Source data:
^^^^^^^^^^^^^^^^
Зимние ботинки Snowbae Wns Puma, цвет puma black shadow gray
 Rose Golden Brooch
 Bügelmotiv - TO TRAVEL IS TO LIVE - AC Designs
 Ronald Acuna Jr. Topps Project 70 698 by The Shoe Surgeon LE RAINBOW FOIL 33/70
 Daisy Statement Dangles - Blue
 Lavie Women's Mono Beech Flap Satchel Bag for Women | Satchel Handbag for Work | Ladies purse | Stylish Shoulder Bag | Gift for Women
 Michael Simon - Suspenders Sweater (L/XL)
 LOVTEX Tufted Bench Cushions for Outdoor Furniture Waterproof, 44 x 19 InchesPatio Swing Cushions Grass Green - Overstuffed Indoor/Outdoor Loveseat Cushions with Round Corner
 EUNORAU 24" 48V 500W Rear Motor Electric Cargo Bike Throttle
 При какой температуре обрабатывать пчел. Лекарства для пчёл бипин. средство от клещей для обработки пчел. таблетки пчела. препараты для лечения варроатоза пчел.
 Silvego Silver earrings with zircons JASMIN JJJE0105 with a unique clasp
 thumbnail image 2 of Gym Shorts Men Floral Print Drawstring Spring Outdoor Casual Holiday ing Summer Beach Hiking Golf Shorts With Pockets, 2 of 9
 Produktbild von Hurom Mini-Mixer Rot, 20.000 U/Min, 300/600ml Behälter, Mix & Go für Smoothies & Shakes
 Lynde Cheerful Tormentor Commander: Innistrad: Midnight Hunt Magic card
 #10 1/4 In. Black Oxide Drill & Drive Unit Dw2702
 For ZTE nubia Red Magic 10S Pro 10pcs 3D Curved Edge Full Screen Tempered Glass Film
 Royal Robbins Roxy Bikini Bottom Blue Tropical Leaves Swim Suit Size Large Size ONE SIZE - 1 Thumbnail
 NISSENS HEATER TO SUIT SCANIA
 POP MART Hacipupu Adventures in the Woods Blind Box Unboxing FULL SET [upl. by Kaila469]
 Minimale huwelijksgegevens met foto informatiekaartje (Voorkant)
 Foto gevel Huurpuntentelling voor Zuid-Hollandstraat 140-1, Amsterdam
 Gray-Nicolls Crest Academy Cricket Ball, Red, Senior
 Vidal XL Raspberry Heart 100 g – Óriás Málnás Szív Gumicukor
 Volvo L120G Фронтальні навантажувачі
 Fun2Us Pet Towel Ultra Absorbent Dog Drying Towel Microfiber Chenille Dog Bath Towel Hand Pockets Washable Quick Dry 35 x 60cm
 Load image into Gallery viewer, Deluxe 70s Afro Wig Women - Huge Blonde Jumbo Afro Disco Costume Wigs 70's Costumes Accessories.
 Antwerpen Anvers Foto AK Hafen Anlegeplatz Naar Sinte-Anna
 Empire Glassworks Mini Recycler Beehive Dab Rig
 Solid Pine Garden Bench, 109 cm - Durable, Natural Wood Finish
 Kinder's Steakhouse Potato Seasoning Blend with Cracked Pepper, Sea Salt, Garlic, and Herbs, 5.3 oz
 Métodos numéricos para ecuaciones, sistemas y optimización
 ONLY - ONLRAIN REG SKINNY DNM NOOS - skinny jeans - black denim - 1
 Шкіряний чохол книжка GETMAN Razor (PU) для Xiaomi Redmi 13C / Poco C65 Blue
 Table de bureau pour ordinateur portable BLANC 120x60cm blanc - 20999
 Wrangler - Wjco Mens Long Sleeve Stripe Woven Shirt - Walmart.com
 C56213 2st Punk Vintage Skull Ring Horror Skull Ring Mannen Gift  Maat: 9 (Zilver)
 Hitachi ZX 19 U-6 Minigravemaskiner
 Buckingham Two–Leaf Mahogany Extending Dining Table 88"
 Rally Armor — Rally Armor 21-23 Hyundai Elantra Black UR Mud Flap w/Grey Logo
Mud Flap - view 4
^^^^^^^^^^^^^^^^
• _WHAT THE TASK ASKS_: Write down only the closing run of lines: the one containing "Métodos numéricos para" and every line after it to the end of the entries, exactly.

• _ANSWER FOR THE TASK_:
 Métodos numéricos para ecuaciones, sistemas y optimización
 ONLY - ONLRAIN REG SKINNY DNM NOOS - skinny jeans - black denim - 1
 Шкіряний чохол книжка GETMAN Razor (PU) для Xiaomi Redmi 13C / Poco C65 Blue
 Table de bureau pour ordinateur portable BLANC 120x60cm blanc - 20999
 Wrangler - Wjco Mens Long Sleeve Stripe Woven Shirt - Walmart.com
 C56213 2st Punk Vintage Skull Ring Horror Skull Ring Mannen Gift  Maat: 9 (Zilver)
 Hitachi ZX 19 U-6 Minigravemaskiner
 Buckingham Two–Leaf Mahogany Extending Dining Table 88"
 Rally Armor — Rally Armor 21-23 Hyundai Elantra Black UR Mud Flap w/Grey Logo
Mud Flap - view 4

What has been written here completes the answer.